I've tried LogParserStudio for IIS logs and DebugDiag for memory dumps, but with no luck.

Is WinDbg the way to go or some 3rd party application?

#203525

Apr 26, 2019 8:54

Quan Mai

Vote:

expand_less 0 expand_more

Windbg is still the golden standard to analyse such issue. Remember you can always reach out to developer support service for further assistance.

#203526

Apr 26, 2019 10:00

valdis

Vote:

expand_less 0 expand_more

nothing yet has beaten windbg. you can also try to open process dump in VS (2019 actually has some nice updates and you can mix match process architectures and open 64bit dumps as well). look for threads, their running time and CLR stack. that would be perfect starting position :)

#203529

Apr 26, 2019 11:06

Henrik Fransas

Vote:

expand_less 0 expand_more

Agree with Valdis, Windbg is the greatest (if you learn how to use it..).
But I would say that VS2019 is a great alternative and more easy to use

#203575

Apr 29, 2019 9:25

Daniel Ovaska

Vote:

expand_less 0 expand_more

If you are able to reproduce the bad performance locally you can use the performance profiler tool in VS 2017. That has found plenty of performance issues for me.

If it occurs on production I usually start by analyzing IIS logs to find see if any particular page / service has an absurd mean execution time. I use Log Parser Studio for this. There is a pretty good query call top 25 slowest urls that can get you started in the right direction. Also check scheduled jobs and what execution time those have in Episerver admin.

If all else fails...

WinDbg

#203582

Apr 29, 2019 11:50

Quan Mai

Vote:

expand_less 0 expand_more

I am ovbiously biased but I find it more often than not it is easier to use windbg to find out a 100% CPU problem's root cause. Know a few basic command like .threadpool, .runaway or .clrstack will help you narrow down if not find out where the problem is.

#203583

Apr 29, 2019 11:58

Markus Andersson

Vote:

expand_less 0 expand_more

Thanks everyone for sharing thoughts and ideas!

Should I use an "ordinary" process dump or a crash dump for troubleshooting?

Right now we have an "ordinary" process dump from when the process has exceeded 80% CPU for 20 seconds (DebugDiag).

#203623

Edited, Apr 30, 2019 10:01

valdis

Vote:

expand_less 0 expand_more

every dump is valuable (most of the time). don't forget to bring also mscordacwks.dll from the server (it's required for windbg to match runtime info properly).

#203624

Apr 30, 2019 10:07

Johan Kronberg

Vote:

expand_less 0 expand_more

It is valuable to setup load tests and hopefully get a controlled way to reproduce. Makes it a lot easier to get a well timed memory dump as well.
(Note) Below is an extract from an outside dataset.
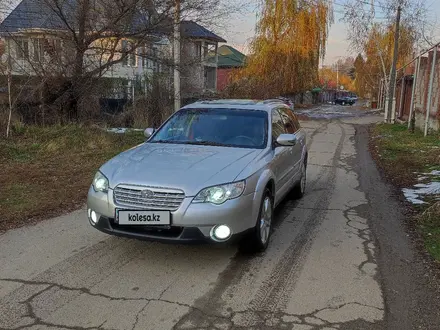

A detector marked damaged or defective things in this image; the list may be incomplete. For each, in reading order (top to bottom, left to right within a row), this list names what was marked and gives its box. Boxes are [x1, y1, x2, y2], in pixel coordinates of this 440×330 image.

cracked pavement [0, 107, 440, 328]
For local profiling dotTrace is still my pick. Can be easily combined with local load test if a single request doesn't reveal things.

#203649

Apr 30, 2019 21:50

Stefan Holm Olsen

Vote:

expand_less 0 expand_more

Like Johan, I usually do several local profiling sessions (using dotTrace and sometimes dotMemory) to measure, improve and repeat. I usually do this to the app startup, to isolated flows or pages and to complicated logic. The idea is that if the code is improved to the load of one user, it should definitely also perform better for many users.

To perform simple local "load tests" of single URLs, I use the Bombardier HTTP benchmark tool.

But I also look at Application Insights after doing load tests on load balanced servers. Then I try to replicate locally to yet another round of measure, improve and repeat.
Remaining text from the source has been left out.